Una volta riprese le produzioni, però, le agenzie avevano già i loro volti e la cosa, di certo, non ha aiutato.

Mi ricollego al discorso che facevo all’inizio, per spiegare il prossimo problema.

Ormai, qui da noi, fare l’attore non è considerato un lavoro, è più un hobby, un passatempo, qualcosa da fare se non hai un lavoro full time, nel tempo libero.

Bene, ma chiedete alle persone che conoscete se guardano la tv. Chiedete loro se guardano i film, se vanno al cinema. Se anche solo una volta hanno lasciato perdere qualcosa che stavano facendo per seguire una scena sullo schermo della televisone e se quella volta, anche per un breve istante, non hanno sentito qualcosa, un’emozione.

Chiedete a qualcuno se non ha mai pianto per la scena di un film, se non si è mai commosso.

Ora chiedete loro se sarebbe stato possibile senza gli attori.

La risposta è no.

Ma allora perchè c’è così tanto accanimento sul lavoro dell’attore?

Nella vita più di una volta mi hanno detto: “Ah, senti Giulia! Vuole fare l’attrice! Non è mica Meryl Streep!”

Ma nemmeno Meryl Streep era Meryl Streep a diciassette anni! Era soltanto una ragazzina che non aveva mai pensato alla recitazione seriamente fino ad una recita scolastica alla fine degli anni 60′.

Il problema degli attori in Italia è che non ce ne sono di nuovi. O meglio… ci sono gli influencer.

Purtroppo sembra che bisogni studiare per fare qualsiasi cosa, ma per fare gli attori no, basta fare un tentativo e se sei già famoso per altro, non ti ci vorrà assolutamente nulla per fare due, tre magari anche quattro film, perchè porterai pubblico in sala.

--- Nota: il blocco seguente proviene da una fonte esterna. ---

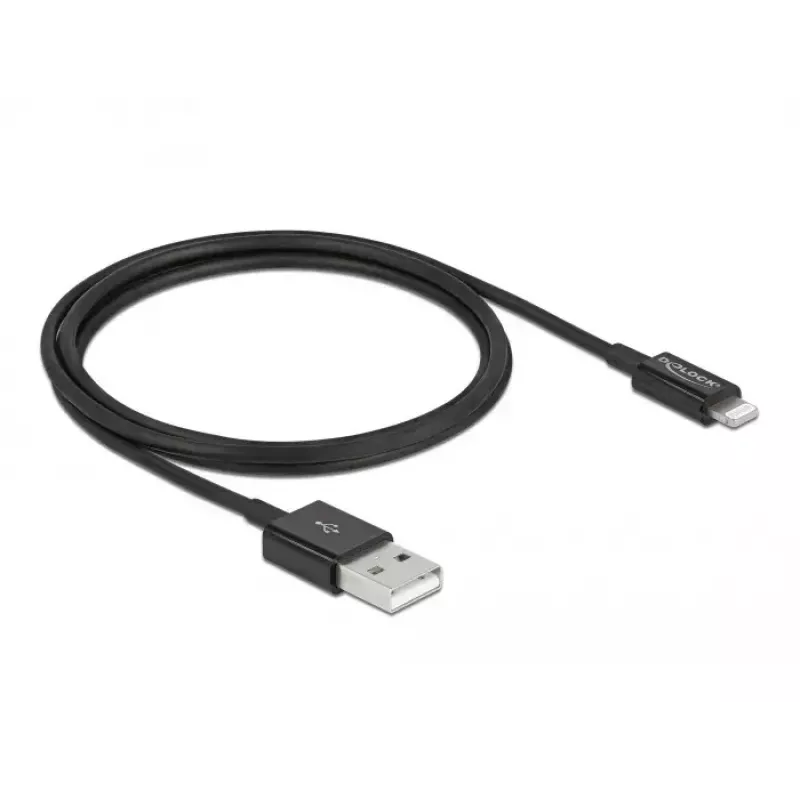Cabo USB de dados e carregamento DeLOCK 83002 1 m preto
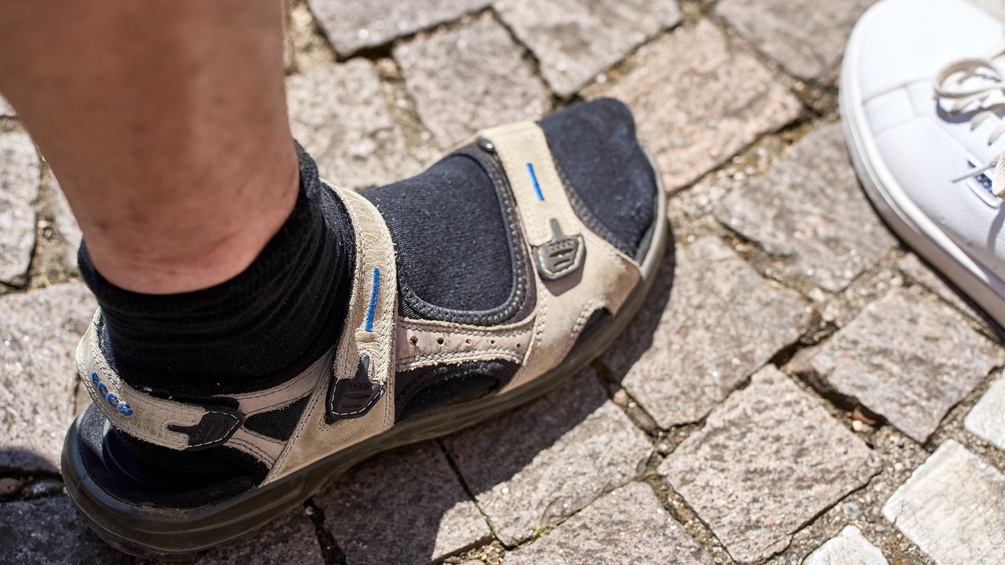 Socken mit Sandalen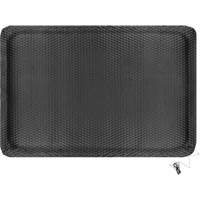 Hog Heaven Electrically Conductive Mat, 4' W x 6' L, 5/8" Thickness, Black, Nitrile Waymarc Industries Inc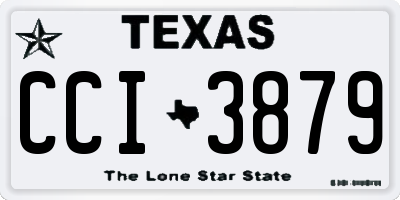 TX license plate CCI3879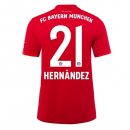 Maillot Bayern Munich NO.21 Hernández 1ª 2019-20 Rouge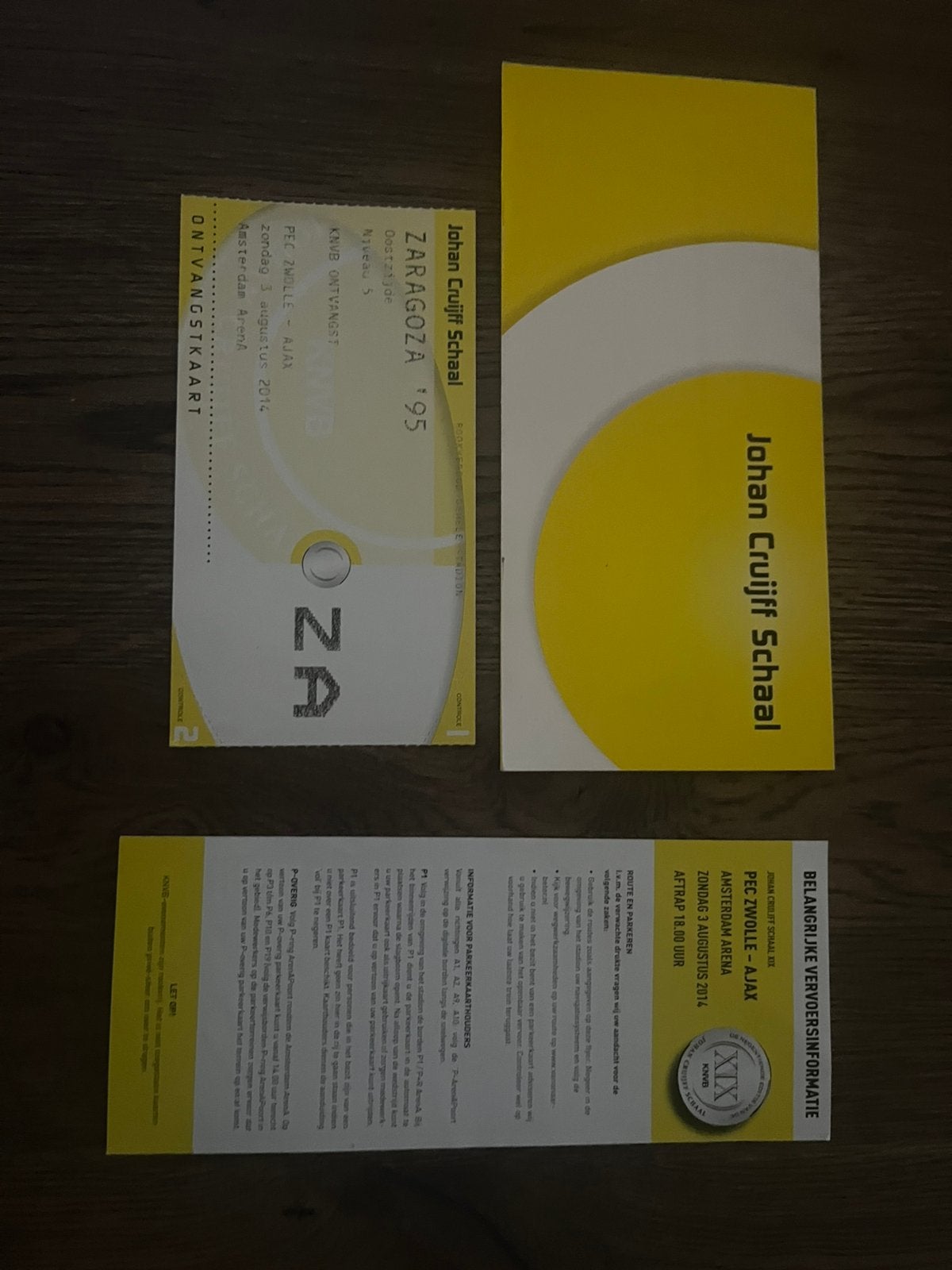 INFO FOLDER/ONTVANSTKAART/TICKETMAPJE ZWOLLE-AJAX, Ophalen of Verzenden, Zo goed als nieuw, Ajax, Overige typen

È triste, ma purtroppo è così.

È per questo che cantanti, influencer e youtuber hanno il loro debutto al cinema, perchè portano gente a comprare i biglietti.

Conoscete Rachel Zegler?

Lei ha ventun’anni ed ha fatto il suo debutto cinematografico a dicembre dello scorso anno in West Side Story di Steven Spielberg. Mr Spielberg non l’ha cercata perchè era carina o perchè pubblicizzava prodotti sui suoi social, l’ha voluta perchè l’ha sentita cantare e ha deciso che lei doveva essere la sua Maria. Follia? No, onestà. Ha visto del talento e l’ha promosso. È così che bisognerebbe fare ovunque, a prescindere da chi sei, far valere cosa sei, cosa sai fare. È questa la bellezza del cinema, far spiccare i talenti e non quante persone vengono a vederti in sala.

Eppure, così va la vita: c’è chi cerca un’agenzia per poter fare ciò per cui ha studiato e chi si “diverte” a fare l’attore, inconsapevole o forse indifferente alla fatica che facciamo noi.

In ogni caso, il cinema non deve morire. La settima arte crea magia, emozioni, sensazioni fortissime che non devono essere fermate dal marketing e dall’indifferenza delle persone. Non accontentiamoci di guardare un film su una piattaforma dal nostro salotto. Usciamo, andiamo al cinema, guardiamolo in una sala buia in cui tutto ciò a cui dobbiamo prestare attenzione è lo schermo. Stacchiamo dalla vita quotidiana per un paio d’ore e abbracciamo ciò che il cinema può darci.

Il cinema è un’arte e andrebbe trattata come tale.

– Giulia Ravini.

Ringraziamo davvero tanto Giulia per questa sua profonda, toccante e lucida testimonianza sul mestiere dell’attore e le auguriamo ogni bene per il suo futuro.